Distribution Robust Optimization Strategy for Multiple Microgrids with Shared Energy Storage Based on WGAN-GP Scenario Production

Under the “dual carbon” goals, this study focuses on realizing energy exchange among multiple microgrids via shared energy storage to promote sustainable energy transition. Accordingly, a distributed robust optimwhichization strategy is proposed in this paper. Addressing the uncertainty of distributed renewable energy sources within microgrids, the scenario set generated by the Wasserstein generative adversarial network with gradient penalty and pruned by the K-means++ clustering algorithm serves as the initial renewable energy scenario for the distributed robust optimization set.

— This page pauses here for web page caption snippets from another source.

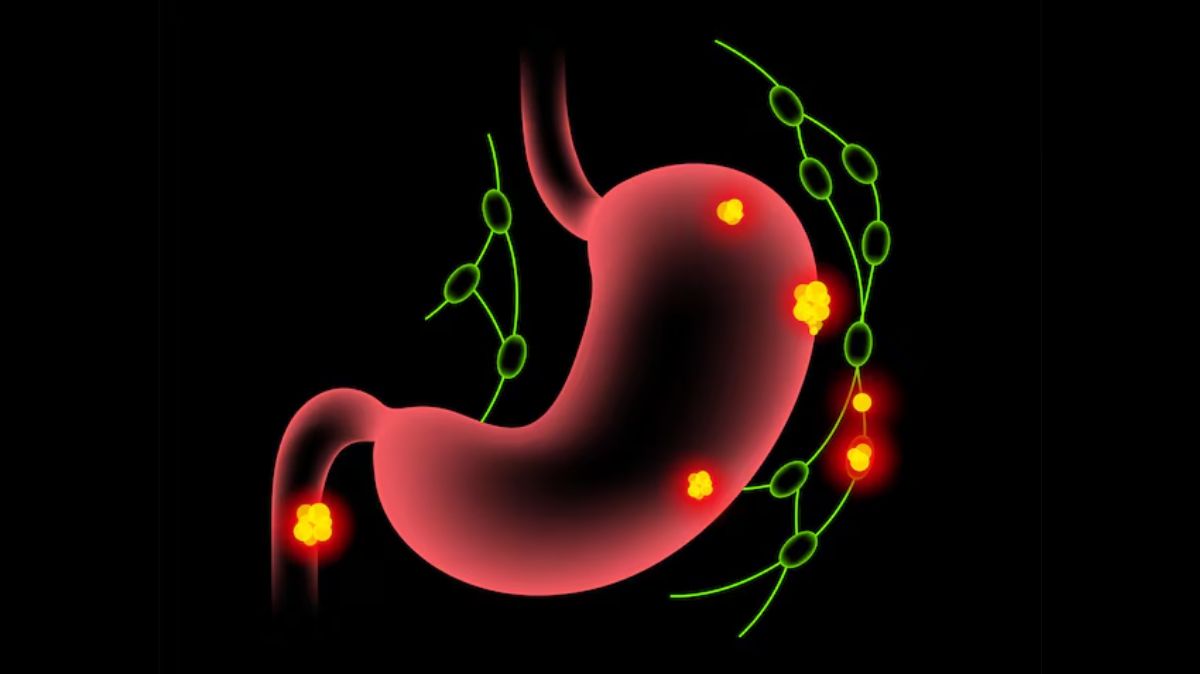 Stomach Ulcer Remedies: ஆயுசுக்கும் அல்சர் தொல்லை இல்லை.. அதான் இது இருக்கே..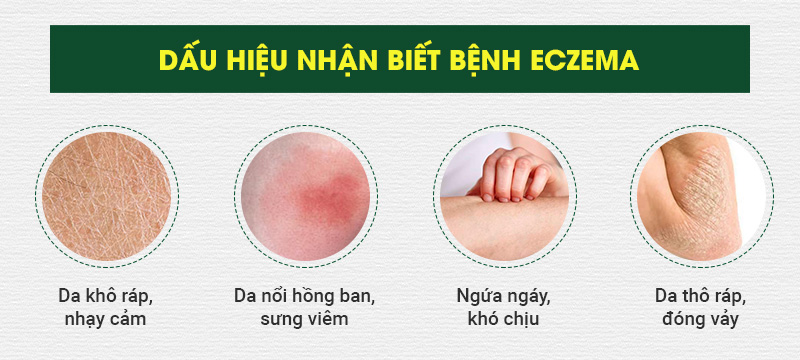 Dấu hiệu nhận biết bệnh eczema 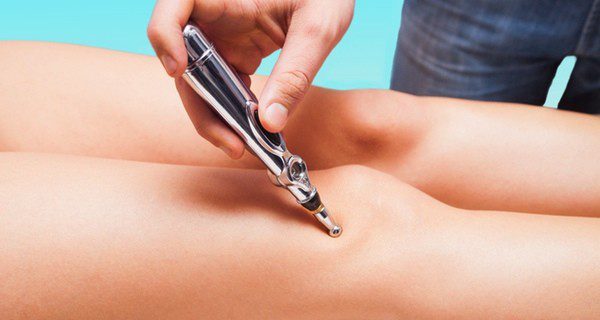 La acupuntura ayuda a reducir la retención de líquidos en las piernas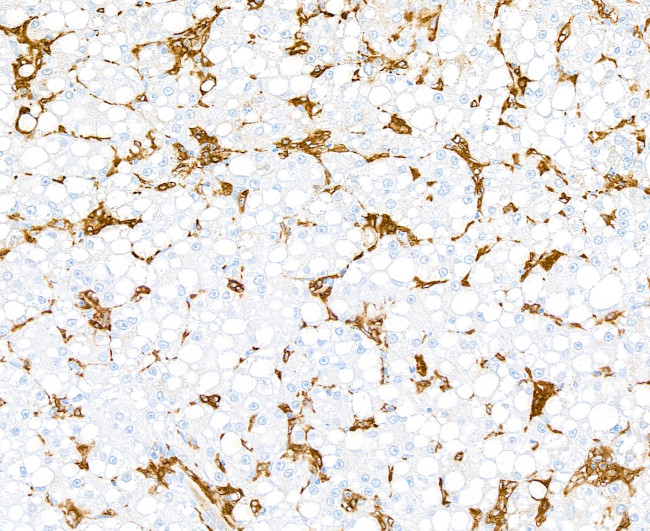 HLA-DR/DP/DQ Antibody in Immunohistochemistry (Paraffin) (IHC (P))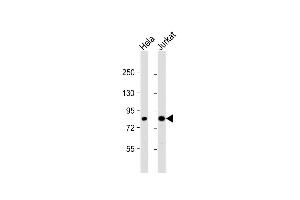 All lanes : Anti-CHUK Antibody (C-term) at 1:1000 dilution Lane 1: Hela whole cell lysate Lane 2: Jurkat whole cell lysate Lysates/proteins at 20 μg per lane. (IKK alpha 抗体  (C-Term))
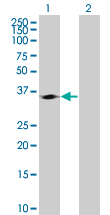 Western blot - Cdk4 overexpression 293T lysate (whole cell) (AB94290)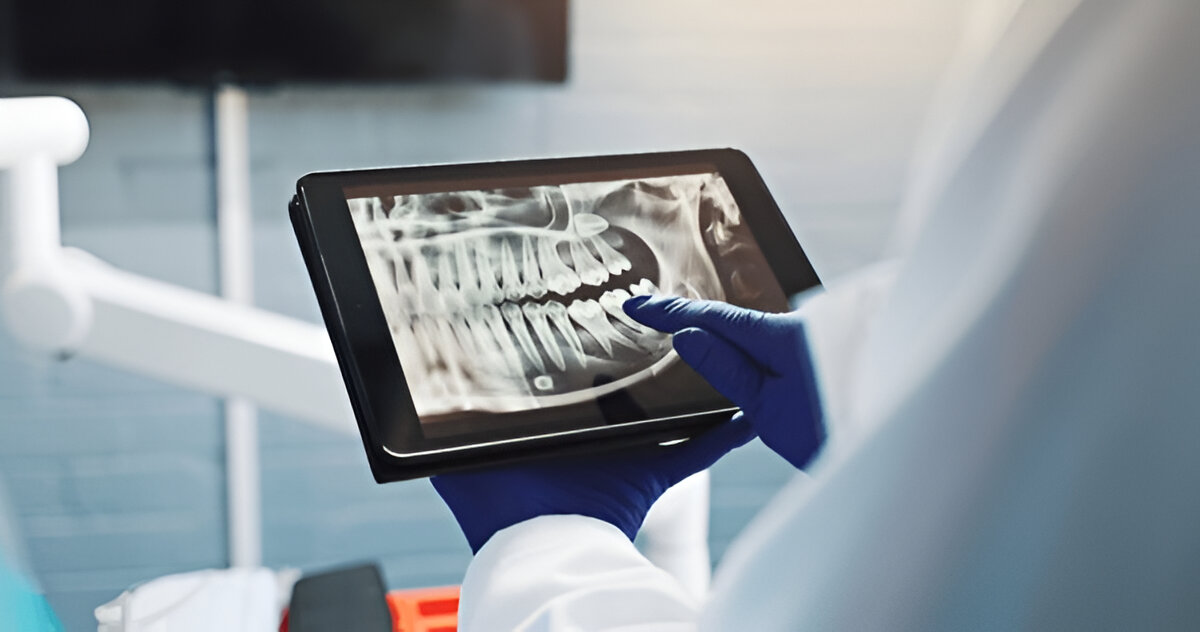 digital smile design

Combining Nash theory, a cooperative game operation model is constructed. The benefit distribution model based on contribution factors ensures a fair benefit allocation scheme. The parallelizable column and constraint generation algorithm is employed to enhance computational efficiency. Case studies demonstrate that compared to scenes produced by other methods, the proposed model has the lowest alliance operating cost. It more effectively captures renewable energy uncertainty and lowers system operational costs. The respective efficiency improvement rates for each microgrid are as follows: 4.6%, 5.0%, and 4.1%, ensuring a fair profit distribution scheme. This study provides a technical reference for realizing the sustainable development of a multiple microgrid system, contributing to the global goal of low-carbon energy transition and sustainable development.